I've been meeting up with friends I haven't seen in a while, and inevitably, we started talking about our lives, and our love lives. The thing that struck me when I was telling them about my (lack of a) social life is that seven months down the road, I'm still incredibly mad and irritated at the last guy I that was interested in.

I'm not sure if it's a case of "the straw that broke the camel's back" or just because the guy really offended my sense of self.

In this case, I feel that I should expound further. This guy and I used to work in the same company, though not in the same department. Midway through dating, he told me he thought I was too intense, that I was "too ambitious" and that my "hours [were] too demanding."

Given that we work in the same industry, I was mightily offended. How dare you, I thought. How dare you say that to me, you unmitigated asshole. Did you want me to quit my job the moment I met you, just so you could have a 'little woman' at home even though we were just dating? What utter tosh. What stupid double standards.

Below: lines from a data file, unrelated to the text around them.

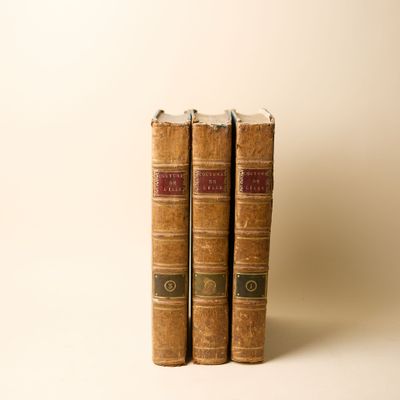 deux vieux livres posés l'un sur l'autre sur une surface blanche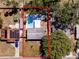 Overhead view of the property, defined by red lines, featuring the pool, backyard, house, and surrounding landscape at 8829 93Rd St, Seminole, FL 33777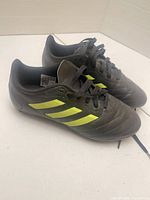 Side view of both cleats showing upper material and neon stripes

And in spite of that, we continued dating, but he'd get irritated at my constant talking about work. I acknowledge that I do that a fair amount, because I spend a lot of time at work. But in this instance, when I made the effort to ask about something he was interested in, what I got was a scoff and then a "what do you know about that?" And that was it for me.

As a consequence, I just haven't been that interested in dating. I don't want to meet someone else who thinks the same way as he did.

To say that I'm bitter would probably be an understatement. I cannot explain exactly why all of that still gets to me so many months later, but I guess part of it is because I'm sick of hearing all these guys tell me that perhaps I'm a little too assertive, a little too intelligent, a little too... Rafflesian for local guys to feel comfortable with.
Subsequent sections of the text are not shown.